WHAT YOU WILL DO:
Copy out the data below from the line containing "Check out portfoliocourses.com" to the line containing "Besides that, set", both lines included, with all images left out.
#### PROVIDED ENTRIES
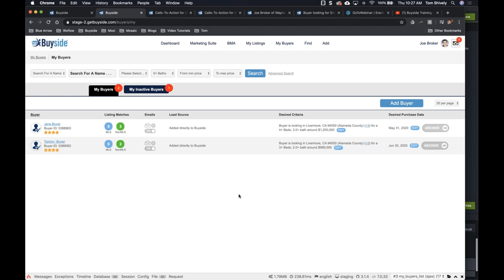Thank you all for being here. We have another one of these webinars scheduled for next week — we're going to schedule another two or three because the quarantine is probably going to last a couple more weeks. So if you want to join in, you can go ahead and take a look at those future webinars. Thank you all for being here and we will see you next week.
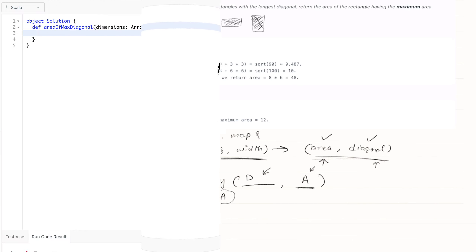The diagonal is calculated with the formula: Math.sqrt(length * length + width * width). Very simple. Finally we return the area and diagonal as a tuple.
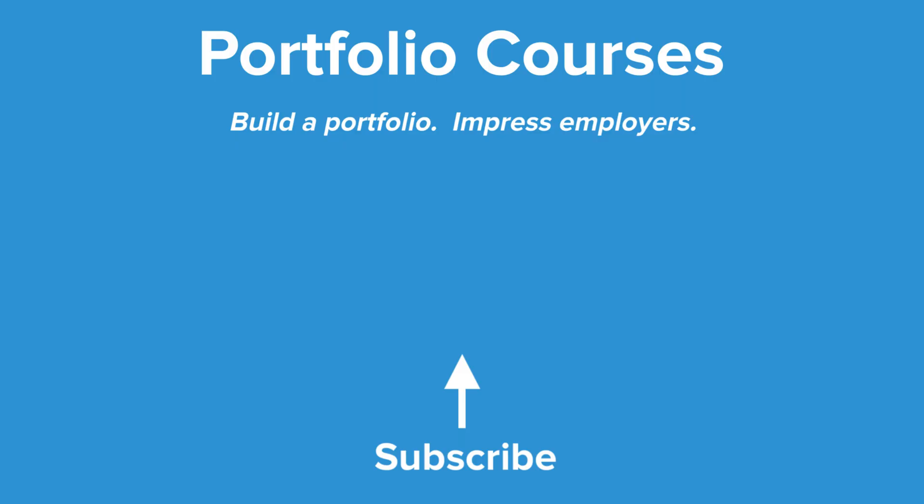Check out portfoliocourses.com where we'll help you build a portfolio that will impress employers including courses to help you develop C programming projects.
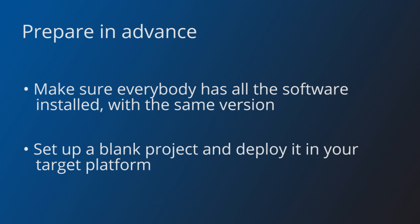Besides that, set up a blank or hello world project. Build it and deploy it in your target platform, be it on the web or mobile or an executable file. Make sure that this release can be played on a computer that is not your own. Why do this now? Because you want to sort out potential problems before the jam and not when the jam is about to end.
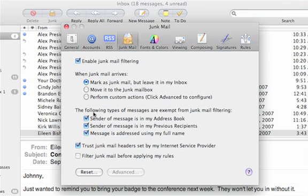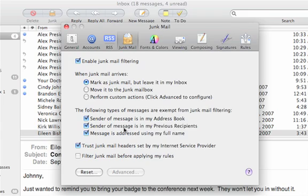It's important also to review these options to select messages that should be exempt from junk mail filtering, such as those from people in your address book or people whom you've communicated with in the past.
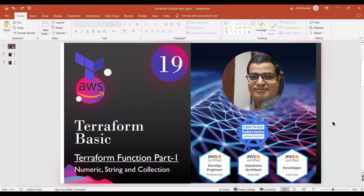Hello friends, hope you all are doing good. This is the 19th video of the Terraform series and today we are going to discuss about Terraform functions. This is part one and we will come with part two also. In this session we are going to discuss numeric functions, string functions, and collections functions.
########
#### PROVIDED ENTRIES
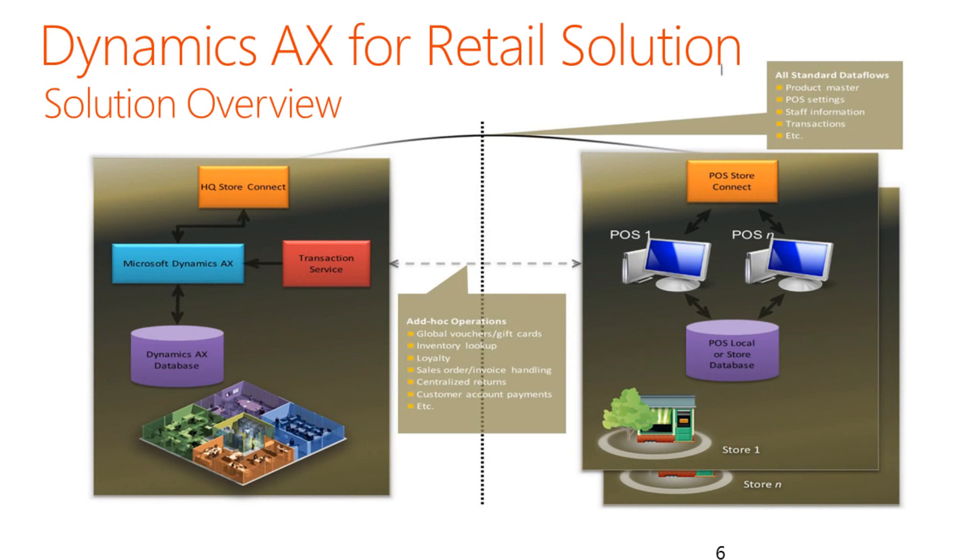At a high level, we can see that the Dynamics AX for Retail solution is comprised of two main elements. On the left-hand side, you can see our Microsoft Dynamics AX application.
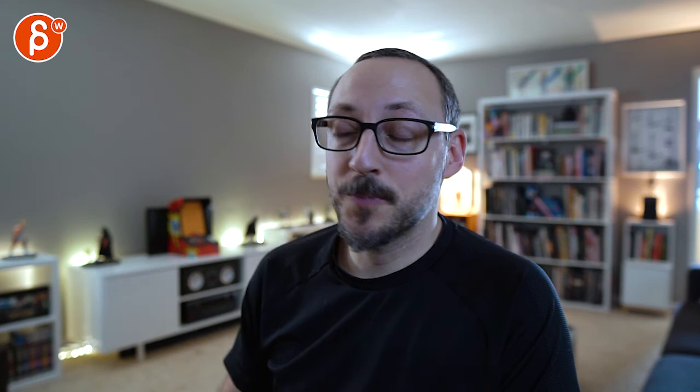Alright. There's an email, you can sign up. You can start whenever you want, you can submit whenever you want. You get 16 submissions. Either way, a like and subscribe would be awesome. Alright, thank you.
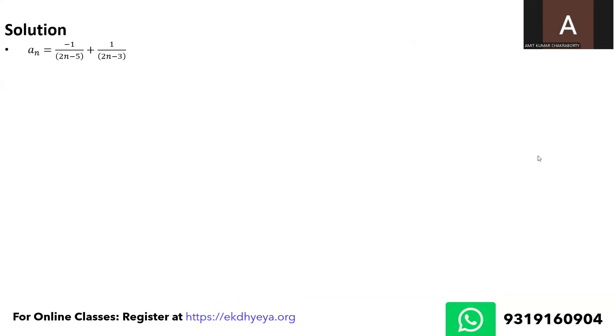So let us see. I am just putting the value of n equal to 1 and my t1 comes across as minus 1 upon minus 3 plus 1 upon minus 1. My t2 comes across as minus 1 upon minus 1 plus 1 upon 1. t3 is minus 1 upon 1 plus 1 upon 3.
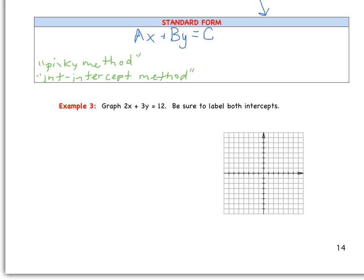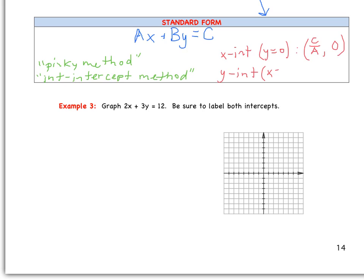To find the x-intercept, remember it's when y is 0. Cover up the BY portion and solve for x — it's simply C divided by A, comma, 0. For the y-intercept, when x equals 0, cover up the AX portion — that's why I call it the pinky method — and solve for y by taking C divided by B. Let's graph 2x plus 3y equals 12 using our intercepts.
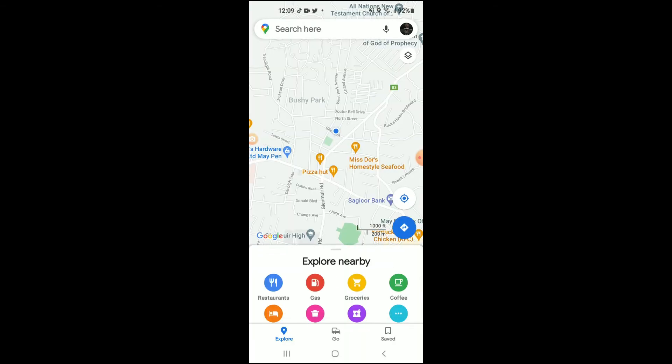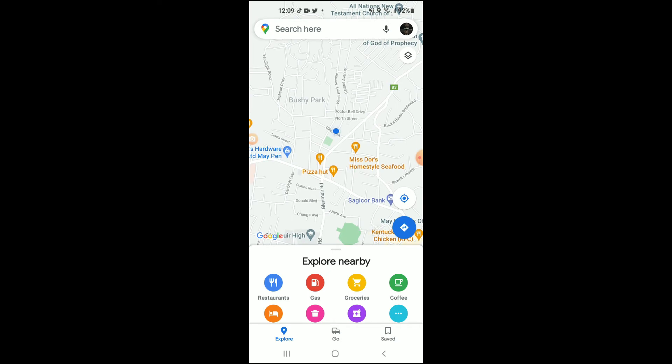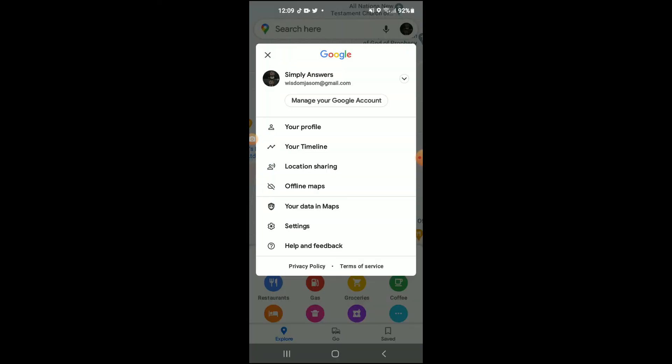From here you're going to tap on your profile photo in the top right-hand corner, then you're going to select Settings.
########
RESULT FOR THIS EXERCISE:
Check out portfoliocourses.com where we'll help you build a portfolio that will impress employers including courses to help you develop C programming projects.
Besides that, set up a blank or hello world project. Build it and deploy it in your target platform, be it on the web or mobile or an executable file. Make sure that this release can be played on a computer that is not your own. Why do this now? Because you want to sort out potential problems before the jam and not when the jam is about to end.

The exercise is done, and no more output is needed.